13 января 2000 года в Швейцарии, на одной из лыжных трасс близ Сент-Морица, погиб русский турист. История была, конечно, грустная, но совершенно обычная для этих мест. Каждый горнолыжный сезон здесь уносит с собой, как правило, несколько человеческих жизней. На протяжении многих лет эта скорбная статистика остается неизменной.
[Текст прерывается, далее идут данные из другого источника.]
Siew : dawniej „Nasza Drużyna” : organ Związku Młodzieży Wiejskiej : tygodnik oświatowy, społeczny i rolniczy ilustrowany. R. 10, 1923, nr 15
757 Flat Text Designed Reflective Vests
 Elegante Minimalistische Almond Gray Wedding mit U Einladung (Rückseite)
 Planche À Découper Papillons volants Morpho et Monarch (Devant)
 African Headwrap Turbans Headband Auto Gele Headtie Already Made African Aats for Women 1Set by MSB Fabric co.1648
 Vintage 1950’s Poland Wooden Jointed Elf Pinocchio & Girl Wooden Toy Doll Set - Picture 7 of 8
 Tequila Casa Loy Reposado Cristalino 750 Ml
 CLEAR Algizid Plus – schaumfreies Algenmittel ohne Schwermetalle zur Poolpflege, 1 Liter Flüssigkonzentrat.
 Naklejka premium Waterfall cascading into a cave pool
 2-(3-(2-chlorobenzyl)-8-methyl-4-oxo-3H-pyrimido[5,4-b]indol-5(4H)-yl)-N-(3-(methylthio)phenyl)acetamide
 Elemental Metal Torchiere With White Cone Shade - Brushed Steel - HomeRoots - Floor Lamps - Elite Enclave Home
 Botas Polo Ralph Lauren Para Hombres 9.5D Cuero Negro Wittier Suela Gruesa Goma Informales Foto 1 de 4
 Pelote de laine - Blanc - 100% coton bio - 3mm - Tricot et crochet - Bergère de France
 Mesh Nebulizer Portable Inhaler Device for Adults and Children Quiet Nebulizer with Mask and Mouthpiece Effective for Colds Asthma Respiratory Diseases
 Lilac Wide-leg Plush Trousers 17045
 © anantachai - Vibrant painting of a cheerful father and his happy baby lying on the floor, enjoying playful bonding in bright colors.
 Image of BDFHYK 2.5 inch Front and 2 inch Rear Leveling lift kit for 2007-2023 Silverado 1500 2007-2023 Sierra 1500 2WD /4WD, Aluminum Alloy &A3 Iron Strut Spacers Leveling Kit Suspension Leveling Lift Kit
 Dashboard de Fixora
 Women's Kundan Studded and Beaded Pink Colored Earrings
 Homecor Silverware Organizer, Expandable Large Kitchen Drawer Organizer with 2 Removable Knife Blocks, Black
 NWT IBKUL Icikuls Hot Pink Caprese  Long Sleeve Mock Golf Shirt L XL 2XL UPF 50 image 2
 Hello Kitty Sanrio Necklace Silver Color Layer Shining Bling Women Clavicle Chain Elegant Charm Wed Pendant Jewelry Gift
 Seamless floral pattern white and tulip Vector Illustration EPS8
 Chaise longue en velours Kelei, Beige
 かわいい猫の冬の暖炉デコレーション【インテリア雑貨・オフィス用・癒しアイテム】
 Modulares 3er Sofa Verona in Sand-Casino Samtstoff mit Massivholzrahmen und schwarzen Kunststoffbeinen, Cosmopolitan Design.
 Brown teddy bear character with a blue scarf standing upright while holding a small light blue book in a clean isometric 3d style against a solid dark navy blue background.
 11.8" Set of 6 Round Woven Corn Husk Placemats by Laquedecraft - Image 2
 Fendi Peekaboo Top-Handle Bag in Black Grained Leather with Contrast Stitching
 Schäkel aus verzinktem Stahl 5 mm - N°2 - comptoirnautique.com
И люди, вновь и вновь приезжая сюда, становясь на лыжи и выходя на маршрут, вроде бы молчаливо соглашаются с тем, что горы и на этот раз, возьмут свою страшную дань. В конце концов, большинство ищет здесь именно этого: одного из самых острых наслаждений доступных человечеству — наслаждения страхом. Особая, и потому доступная во всей своей полноте, лишь избранным, прелесть его, как раз и заключается в том, чтобы снова и снова, по доброй воле и без всякой необходимости сходиться в дерзком поединке с самой смертью и близко смотреть в ее бездонные, завораживающие пустотой вечности глазницы.
Гвидо фон Голденберг, молодой швейцарский барон, наследник солидного состояния, известный плейбой, любимый в своем очень узком и очень закрытом кругу, вдруг, совершенно неожиданно для себя, и впервые за свои сорок, без малого, лет; ощутил полную, граничащую с ужасом растерянность.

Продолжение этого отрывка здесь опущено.